#11
08-24-2012, 05:19 AM
 jakvas Member Join Date: Jul 2012 Posts: 17

as for the matlab this worked for me

UB(1:N,1)=10^5;
options = optimset('LargeScale','off','MaxIter',2000);

oh and for clarification Class is the +1/-1 classification of the points and the empty matricies are unused restrictions I hope this helps a little and isn't frowned upon from the collaboration point of view after all you know what you are doing;P
#12
08-24-2012, 06:08 AM
 apinde Member Join Date: Jul 2012 Posts: 12

Can one use Solver in Excel for this problem? I've not used the other languages and platforms for quadratic programming packages and am desperately searching for a package that can be learned and used in a few days.
#13
08-24-2012, 07:10 AM
 patrickjtierney Member Join Date: Jul 2012 Location: Toronto, Canada Posts: 33

This was discussed extensively in the previous class. A user elkka found a solution to the non-terminating problem for Octave. The trick is to run qp on an altered version of H (using all the same other parameters) and then to use the output as the initial value alpha0 for qp on the original H. The second run seems to always terminate after one iteration.

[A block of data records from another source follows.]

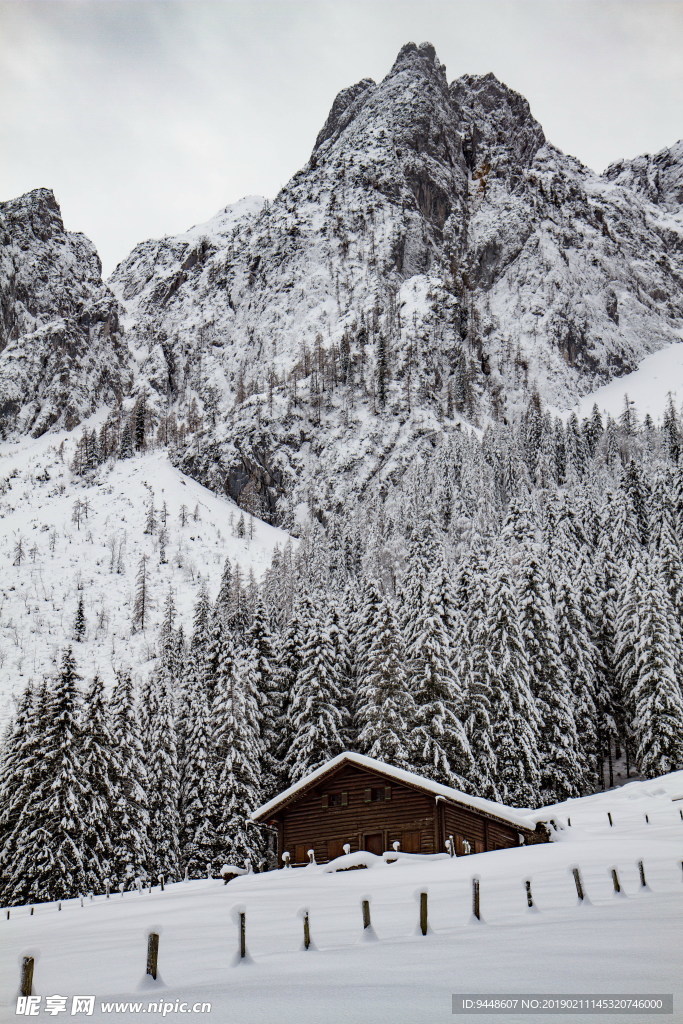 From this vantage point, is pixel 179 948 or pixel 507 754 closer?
pixel 179 948

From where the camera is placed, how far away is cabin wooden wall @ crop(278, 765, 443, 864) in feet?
96.5

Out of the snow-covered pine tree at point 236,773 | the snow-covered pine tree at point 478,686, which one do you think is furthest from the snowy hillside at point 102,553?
the snow-covered pine tree at point 478,686

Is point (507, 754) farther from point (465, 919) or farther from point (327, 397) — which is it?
point (327, 397)

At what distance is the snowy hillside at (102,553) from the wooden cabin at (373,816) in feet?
220

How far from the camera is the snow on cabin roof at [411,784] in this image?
27.1 meters

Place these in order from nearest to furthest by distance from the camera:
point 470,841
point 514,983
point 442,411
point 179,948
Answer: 1. point 514,983
2. point 179,948
3. point 470,841
4. point 442,411

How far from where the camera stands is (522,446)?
149250 mm

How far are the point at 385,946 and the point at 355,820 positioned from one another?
837 inches

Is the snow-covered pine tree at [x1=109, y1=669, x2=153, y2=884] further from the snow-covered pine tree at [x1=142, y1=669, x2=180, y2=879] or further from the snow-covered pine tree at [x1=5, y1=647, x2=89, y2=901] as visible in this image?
the snow-covered pine tree at [x1=5, y1=647, x2=89, y2=901]

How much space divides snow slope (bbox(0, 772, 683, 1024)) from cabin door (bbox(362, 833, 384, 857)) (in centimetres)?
930

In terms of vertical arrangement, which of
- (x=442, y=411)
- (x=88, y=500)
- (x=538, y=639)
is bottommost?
(x=538, y=639)

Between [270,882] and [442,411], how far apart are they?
563 feet

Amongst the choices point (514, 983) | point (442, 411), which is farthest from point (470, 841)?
point (442, 411)

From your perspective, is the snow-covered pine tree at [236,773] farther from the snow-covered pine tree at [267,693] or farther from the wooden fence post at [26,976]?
the wooden fence post at [26,976] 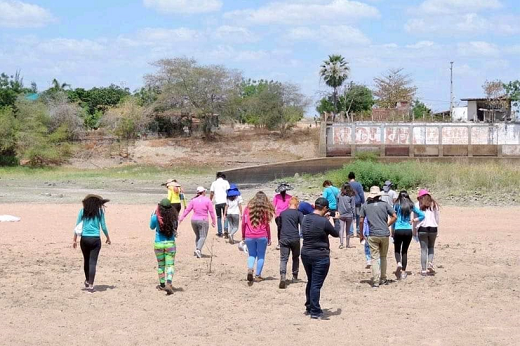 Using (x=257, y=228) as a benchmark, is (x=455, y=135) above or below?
above

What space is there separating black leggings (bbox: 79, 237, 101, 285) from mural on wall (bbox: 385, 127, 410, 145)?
42075 mm

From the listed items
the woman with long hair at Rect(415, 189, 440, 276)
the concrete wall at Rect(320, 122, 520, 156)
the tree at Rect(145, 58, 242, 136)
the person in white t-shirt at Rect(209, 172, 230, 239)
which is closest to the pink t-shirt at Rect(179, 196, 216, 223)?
the person in white t-shirt at Rect(209, 172, 230, 239)

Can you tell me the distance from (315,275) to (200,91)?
56.1 metres

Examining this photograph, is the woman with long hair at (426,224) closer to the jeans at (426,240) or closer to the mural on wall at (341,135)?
the jeans at (426,240)

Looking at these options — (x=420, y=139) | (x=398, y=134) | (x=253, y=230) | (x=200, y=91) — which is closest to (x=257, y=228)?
(x=253, y=230)

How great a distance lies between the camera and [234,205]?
1678 centimetres

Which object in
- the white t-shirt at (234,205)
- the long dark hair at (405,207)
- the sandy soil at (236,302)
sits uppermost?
the long dark hair at (405,207)

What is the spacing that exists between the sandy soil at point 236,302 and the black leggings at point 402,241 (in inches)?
17.6

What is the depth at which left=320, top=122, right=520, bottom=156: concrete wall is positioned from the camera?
52.0 meters

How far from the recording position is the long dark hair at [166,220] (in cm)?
1146

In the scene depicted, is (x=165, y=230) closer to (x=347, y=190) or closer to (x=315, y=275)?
(x=315, y=275)

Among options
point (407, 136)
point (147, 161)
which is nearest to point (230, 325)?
point (407, 136)

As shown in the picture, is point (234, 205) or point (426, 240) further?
point (234, 205)

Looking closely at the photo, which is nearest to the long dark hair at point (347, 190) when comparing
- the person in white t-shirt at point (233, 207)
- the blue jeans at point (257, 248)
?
the person in white t-shirt at point (233, 207) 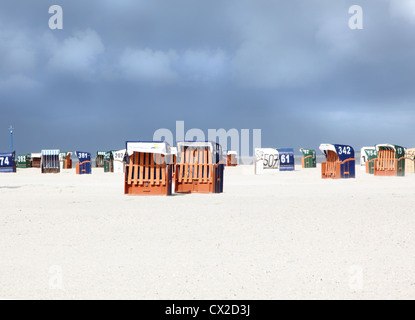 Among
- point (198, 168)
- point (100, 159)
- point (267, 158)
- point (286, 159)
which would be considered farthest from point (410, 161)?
point (100, 159)

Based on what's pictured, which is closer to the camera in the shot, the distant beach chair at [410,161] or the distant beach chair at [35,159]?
the distant beach chair at [410,161]

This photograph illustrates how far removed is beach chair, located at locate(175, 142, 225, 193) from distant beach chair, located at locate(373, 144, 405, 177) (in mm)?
14307

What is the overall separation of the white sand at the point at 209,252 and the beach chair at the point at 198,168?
5310 mm

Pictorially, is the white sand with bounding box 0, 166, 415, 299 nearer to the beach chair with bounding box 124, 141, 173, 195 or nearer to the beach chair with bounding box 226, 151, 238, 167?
the beach chair with bounding box 124, 141, 173, 195

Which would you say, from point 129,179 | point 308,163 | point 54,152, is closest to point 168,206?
point 129,179

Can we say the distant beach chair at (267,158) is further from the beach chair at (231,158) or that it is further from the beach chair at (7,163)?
the beach chair at (7,163)

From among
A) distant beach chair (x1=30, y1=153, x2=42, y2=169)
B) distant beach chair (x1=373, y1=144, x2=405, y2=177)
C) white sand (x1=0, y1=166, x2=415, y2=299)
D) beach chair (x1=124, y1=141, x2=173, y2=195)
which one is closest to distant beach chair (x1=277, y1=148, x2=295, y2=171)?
distant beach chair (x1=373, y1=144, x2=405, y2=177)

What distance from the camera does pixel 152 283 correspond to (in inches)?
168

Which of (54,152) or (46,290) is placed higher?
(54,152)

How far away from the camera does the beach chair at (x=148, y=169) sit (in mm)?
14195

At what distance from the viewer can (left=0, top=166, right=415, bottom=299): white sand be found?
410 cm

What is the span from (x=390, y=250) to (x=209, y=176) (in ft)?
33.4

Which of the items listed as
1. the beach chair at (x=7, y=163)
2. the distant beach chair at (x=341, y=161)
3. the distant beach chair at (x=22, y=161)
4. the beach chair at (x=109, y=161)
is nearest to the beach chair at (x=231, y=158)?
the beach chair at (x=109, y=161)

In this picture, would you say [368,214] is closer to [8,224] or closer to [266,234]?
[266,234] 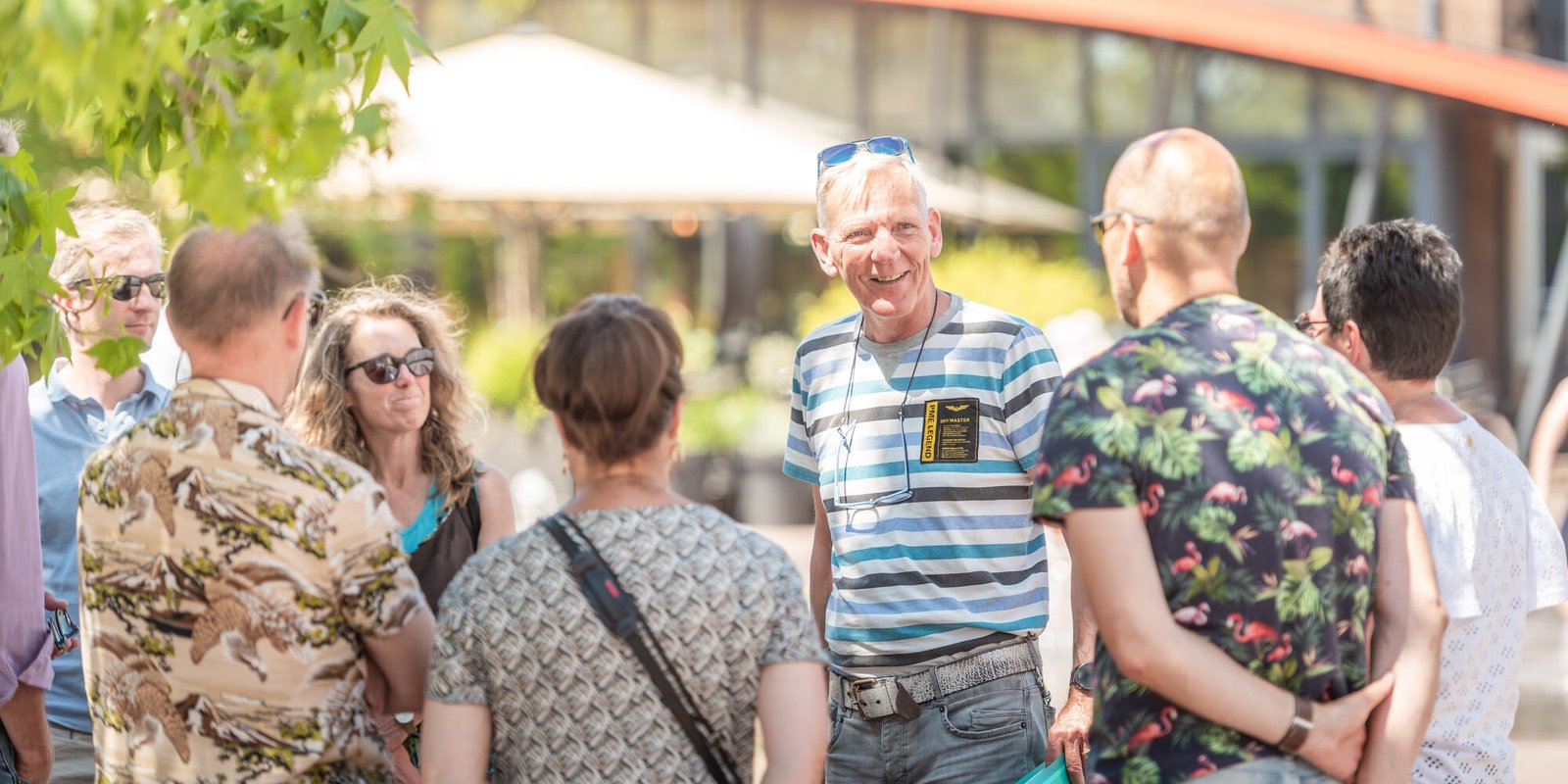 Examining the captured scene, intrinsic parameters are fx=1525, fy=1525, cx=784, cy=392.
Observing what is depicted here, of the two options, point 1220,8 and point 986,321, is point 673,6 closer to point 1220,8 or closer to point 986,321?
point 1220,8

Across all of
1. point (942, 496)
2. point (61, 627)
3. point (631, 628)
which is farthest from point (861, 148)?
point (61, 627)

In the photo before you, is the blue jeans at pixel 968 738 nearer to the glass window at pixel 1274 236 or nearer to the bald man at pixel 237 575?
the bald man at pixel 237 575

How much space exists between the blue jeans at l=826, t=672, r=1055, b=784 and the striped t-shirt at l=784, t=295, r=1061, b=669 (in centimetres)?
11

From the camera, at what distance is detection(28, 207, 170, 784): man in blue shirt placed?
11.2 ft

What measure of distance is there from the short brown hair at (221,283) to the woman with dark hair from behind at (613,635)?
17.4 inches

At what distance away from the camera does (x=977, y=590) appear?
3.07 meters

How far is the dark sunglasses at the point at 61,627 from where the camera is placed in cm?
327

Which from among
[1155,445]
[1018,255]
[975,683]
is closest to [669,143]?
[1018,255]

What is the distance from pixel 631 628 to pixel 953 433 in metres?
1.12

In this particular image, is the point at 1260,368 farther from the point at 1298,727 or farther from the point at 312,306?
the point at 312,306

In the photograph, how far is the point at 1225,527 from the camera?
218 cm

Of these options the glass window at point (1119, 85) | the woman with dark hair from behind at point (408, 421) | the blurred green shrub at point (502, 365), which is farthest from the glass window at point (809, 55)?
the woman with dark hair from behind at point (408, 421)

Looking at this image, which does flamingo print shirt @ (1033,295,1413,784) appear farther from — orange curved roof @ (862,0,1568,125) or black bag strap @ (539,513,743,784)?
orange curved roof @ (862,0,1568,125)

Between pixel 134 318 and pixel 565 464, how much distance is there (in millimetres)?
1729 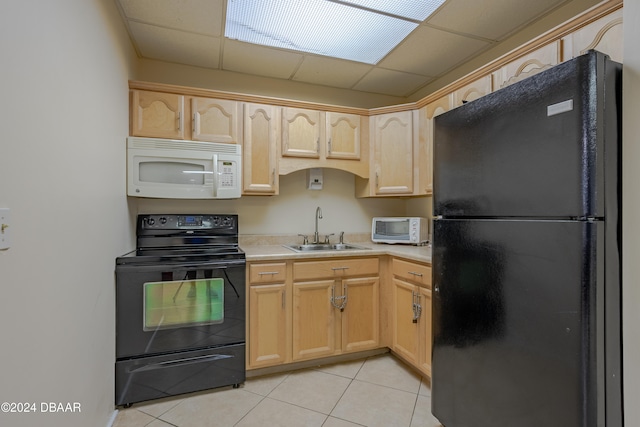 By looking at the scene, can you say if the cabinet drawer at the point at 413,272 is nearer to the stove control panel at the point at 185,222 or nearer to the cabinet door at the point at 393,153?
the cabinet door at the point at 393,153

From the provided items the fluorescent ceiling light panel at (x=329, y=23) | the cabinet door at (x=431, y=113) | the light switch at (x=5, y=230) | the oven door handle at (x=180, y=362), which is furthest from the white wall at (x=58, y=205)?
the cabinet door at (x=431, y=113)

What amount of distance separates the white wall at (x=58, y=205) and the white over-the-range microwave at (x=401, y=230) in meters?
2.14

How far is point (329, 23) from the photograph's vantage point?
2074mm

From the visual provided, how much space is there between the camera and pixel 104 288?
1668 millimetres

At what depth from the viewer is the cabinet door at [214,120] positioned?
A: 7.72 ft

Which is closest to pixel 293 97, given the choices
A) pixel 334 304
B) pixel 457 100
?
pixel 457 100

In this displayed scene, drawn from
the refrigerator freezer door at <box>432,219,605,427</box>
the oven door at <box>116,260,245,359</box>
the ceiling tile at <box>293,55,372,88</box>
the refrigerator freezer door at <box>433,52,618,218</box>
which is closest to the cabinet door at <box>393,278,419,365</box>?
the refrigerator freezer door at <box>432,219,605,427</box>

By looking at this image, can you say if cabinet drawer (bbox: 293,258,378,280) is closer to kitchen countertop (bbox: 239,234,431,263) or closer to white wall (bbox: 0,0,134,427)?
kitchen countertop (bbox: 239,234,431,263)

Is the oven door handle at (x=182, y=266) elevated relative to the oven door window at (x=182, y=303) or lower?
elevated

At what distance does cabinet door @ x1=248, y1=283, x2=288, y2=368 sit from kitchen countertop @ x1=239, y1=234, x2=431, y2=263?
226 millimetres

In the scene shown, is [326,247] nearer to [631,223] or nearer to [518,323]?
[518,323]

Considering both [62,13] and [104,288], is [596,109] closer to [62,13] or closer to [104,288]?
[62,13]

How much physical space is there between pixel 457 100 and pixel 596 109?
1406 millimetres

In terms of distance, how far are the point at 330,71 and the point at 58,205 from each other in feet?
7.56
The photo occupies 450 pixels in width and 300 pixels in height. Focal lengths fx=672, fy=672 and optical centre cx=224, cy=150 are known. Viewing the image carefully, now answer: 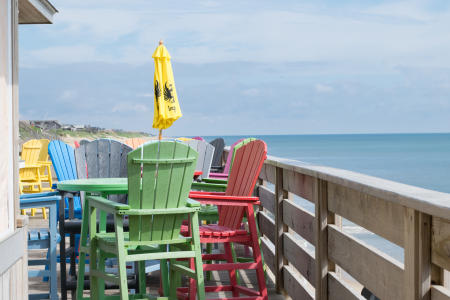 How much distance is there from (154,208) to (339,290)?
986 mm

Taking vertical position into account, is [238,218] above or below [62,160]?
below

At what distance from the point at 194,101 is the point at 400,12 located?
32333 millimetres

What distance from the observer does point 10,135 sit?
2578mm

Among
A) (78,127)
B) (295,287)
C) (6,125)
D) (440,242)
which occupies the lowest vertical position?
(295,287)

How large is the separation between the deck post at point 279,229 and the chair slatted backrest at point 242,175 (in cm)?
27

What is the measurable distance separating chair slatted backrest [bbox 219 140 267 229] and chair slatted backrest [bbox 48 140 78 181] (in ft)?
4.16

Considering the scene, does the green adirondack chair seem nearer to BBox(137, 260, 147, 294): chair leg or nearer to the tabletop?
the tabletop

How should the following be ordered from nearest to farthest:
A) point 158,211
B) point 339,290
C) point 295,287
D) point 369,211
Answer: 1. point 369,211
2. point 339,290
3. point 158,211
4. point 295,287

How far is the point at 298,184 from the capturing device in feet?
12.6

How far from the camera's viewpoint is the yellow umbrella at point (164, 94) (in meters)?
4.79

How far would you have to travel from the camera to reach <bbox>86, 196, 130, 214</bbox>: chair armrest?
127 inches

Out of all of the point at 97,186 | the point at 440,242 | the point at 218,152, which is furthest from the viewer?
the point at 218,152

The altered H is just to add a small amount to the diagonal of H (say 10^-15). This makes its determinant non-zero, which is helpful for qp. So HH=H+eye(n)*10^-15 should work. [ n is just the length of Y ] Also, the alpha0 I refer to goes first in the arg list for the second qp call.

The results are much better, both in terms of termination and in producing a noticeably higher prediction accuracy (ie 10+% rise in better than PLA results).

#14
08-24-2012, 11:24 AM
 invis Senior Member Join Date: Jul 2012 Posts: 50

Wow !
I try it for n=10 on 400 iterations and have ZERO situations where QP cant solve !
Next I try to do the same iterations without altered version of H and have 164 problems without solving...

Thanks very much !
#15
08-24-2012, 12:01 PM
 patrickjtierney Member Join Date: Jul 2012 Location: Toronto, Canada Posts: 33

I know. It's like magic, isn't it? And it appears to be a legitimate workaround for a problem with gp() on our problem.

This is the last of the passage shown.